Et puis soudain, la bascule est définitive. Nous ne sommes plus à la frontière avec cet autre monde, nous y sommes pleinement. « Rêve », « hallucination » : l’auteur perd ses repères, et ses lecteurs aussi, dans ce « silence impossible ». Kessel, dans une incitation paradoxale, nous invite à « voir, sentir, deviner le pire ». Il semble presque inviter le lecteur à venir éprouver l’expérience avec lui (celle de l’égarement dans un « dédale »), tout en la présentant comme peu recommandable. Jusqu’à la vision d’une « fissure » et d’une mystérieuse « silhouette », le narrateur hésite entre insécurité et fascination. Malgré tout, Kessel tente de se rassurer en se disant « sûr de [ses] sens ».

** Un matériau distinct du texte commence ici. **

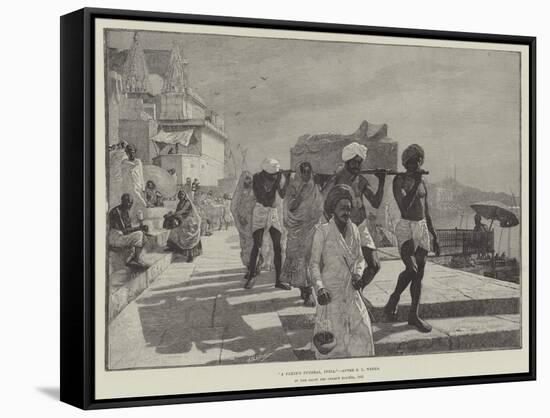 A Fakir's Funeral, India-Edwin Lord Weeks-Framed Stretched Canvas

De la fiction à la réalité

En dépit de la vision fantasmatique qu’il produit de Paris, si le reporter écrit ce texte, c’est aussi, semble-t-il, pour venir enrichir le réel et lui apporter des nuances. D’une ville comme Paris, réputée si belle, si folle, il veut peut-être nuancer les représentations, montrer l’envers, les « replis », la part obscure de « rêve ». Kessel s’approche en cela d’autres auteurs et photographes qui lui sont contemporains ; sa vision de « Paris la nuit… » s’apparente par exemple à la représentation de la métropole dans le fantastique social de Pierre Mac Orlan, le réalisme poétique filmique de René Clair ou la photographie urbaine de Georges Brassaï. Tous exaltent la poésie des bas-fonds et font se côtoyer le Paris réaliste du quotidien et le Paris exotique, inquiétant et nocturne7.

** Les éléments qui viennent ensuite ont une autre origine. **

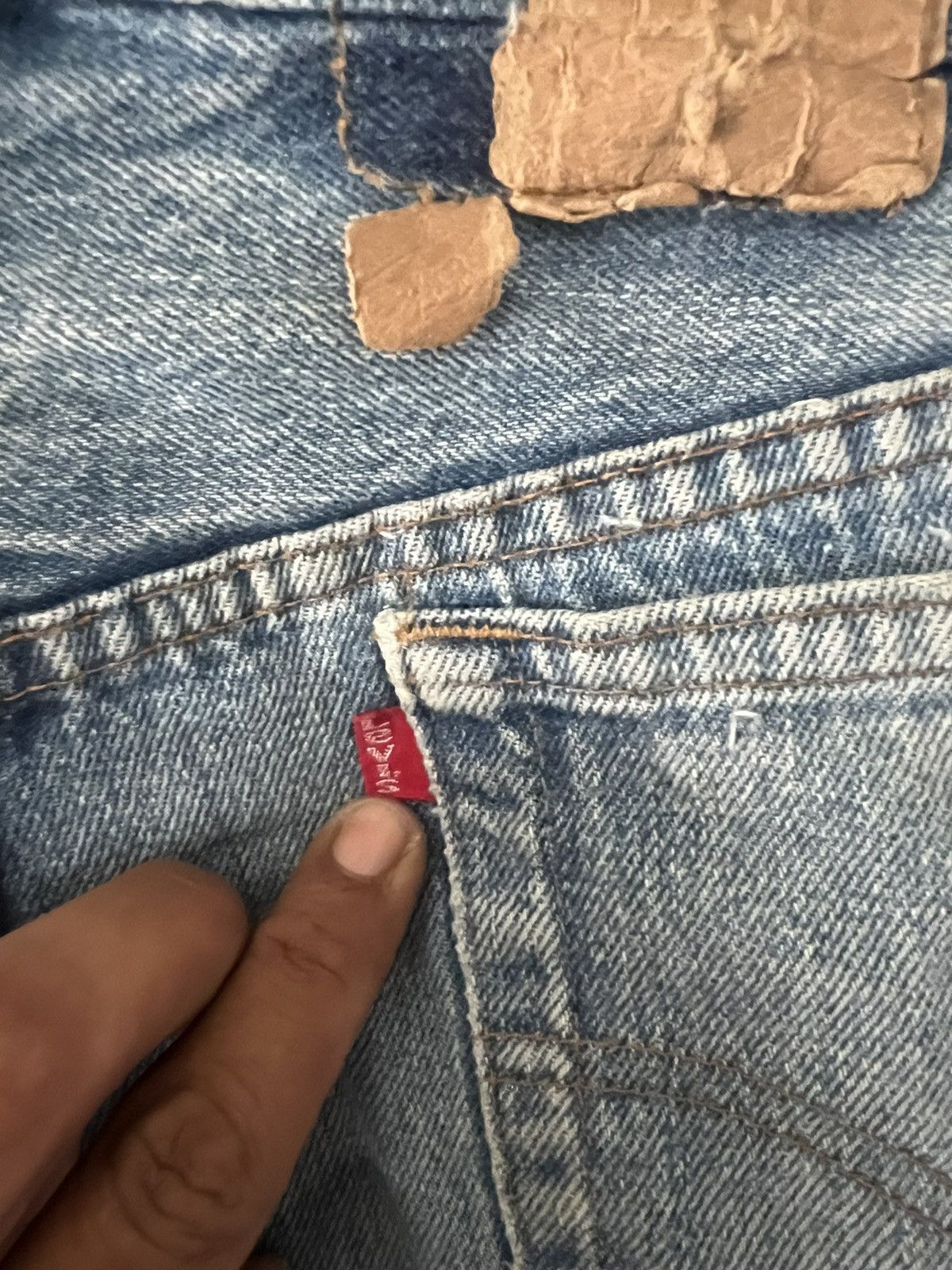 Japanese Brand × Levi's Vintage Clothing × Vintage THRASHED🔥LEVIS 501 DISTRESSED KURT KOBAIN Size US 30 / EU 46 - 9 Thumbnail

Dans ce reportage, qui s’avère intéressant de bien des manières, Kessel joue avec les attentes de ses lecteurs. Il inscrit sa vision de Paris dans un ensemble de productions médiatiques contemporaines, mais aussi dans une filiation littéraire plus ancienne, qu’on pourrait faire remonter au gothique de la fin du XIXe siècle ainsi qu’au fantastique qui en a également découlé, mais qui s’apparente aussi au roman noir qui se développe, pendant les années où Kessel écrit, aux États-Unis.

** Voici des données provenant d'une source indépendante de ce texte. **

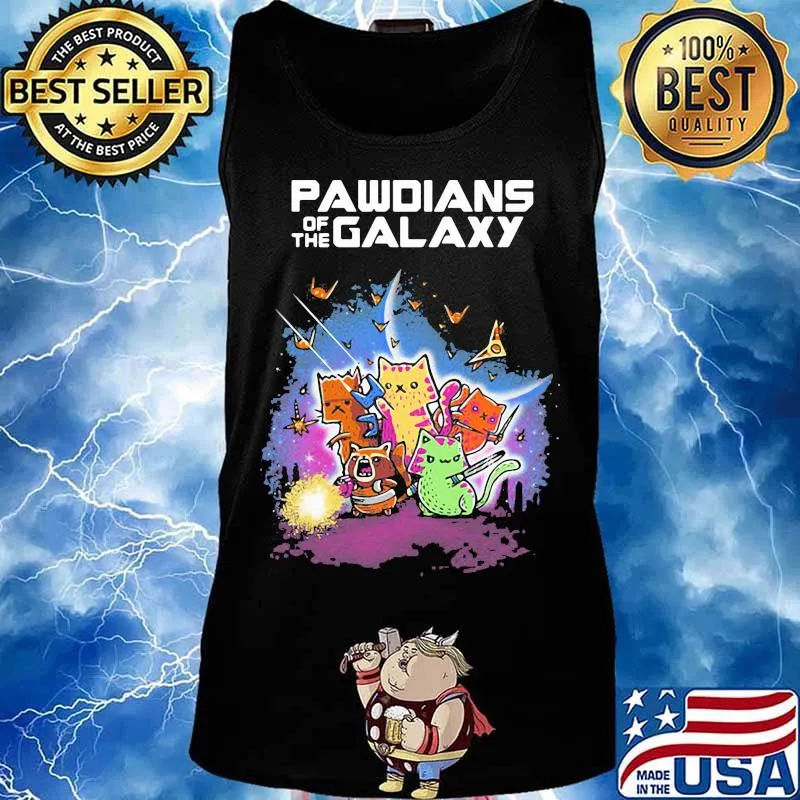 Pawdians of the galaxy cats s Tank top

Joseph Kessel livre avec ce texte un voyage commençant par les lieux les plus communs de Paris pour aller vers ses espaces sombres et mystérieux. Il offre au lecteur de Détective une forme de vision en « réalité augmentée » de la ville, comme on peut en voir avec les technologies actuelles : sur la représentation d’un Paris que tout le monde connaît, il ajoute le filtre du fantastique et transforme ainsi l’aura de la ville pour quiconque irait, après lui, s’y promener la nuit. Kessel présente une lecture fantastique de Paris – se rapprochant ainsi du style qu’a pu développer Lovecraft avant lui – que chaque lecteur pourra ensuite explorer à son tour. À la fois démystification et remystification d’une ville, le texte – bien que court – propose une aventure nocturne qui ouvre sur un univers de mystères encore plus grand : « Paris la nuit… Voilà l’un de ses replis. Combien en a-t-il d’autres… »

« Paris la nuit… »

« Paris la nuit… », Détective, no 3, 15 novembre 1928, p. 1 et 3. Paru en 1928, ce court texte de Joseph Kessel rédigé pour l’hebdomadaire Détective invite le lecteur à découvrir la face la plus obscure de Paris. Déjouant les attendus quant à ce qu’on pourrait imaginer de Paris la nuit, c’est-à-dire ses lumières, son ambiance festive à la fin des années 1920, Kessel nous embarque dans un Paris fantastique et inquiétant.

Notes

1 Marc Renneville, « Amélie Chabrier et Marie-Ève Thérenty, Détective. Fabrique de crimes ? », Criminocorpus [En ligne], comptes rendus, mis en ligne le 25 avril 2017, § 4. Disponible en ligne.

2 [s. a.], « Partout… pour tous », Détective, no 1, 1er novembre 1928, p. 2.

3 Id.

4 Id.

5 Christophe Deleu, « Le monde selon le Nouveau Détective : quand le fait divers renonce au réel », Les Cahiers du journalisme, no 14, 2005, p. 77.

6 Roland Barthes, « L’effet de réel », Communications, no 11 (Recherches sémiologiques. Le vraisemblable), 1968, p. 84-89.

7 Dominique Kalifa, Les bas-fonds. Histoire d’un imaginaire, Paris, Seuil, coll. « L’univers historique », 2013, p. 255-266.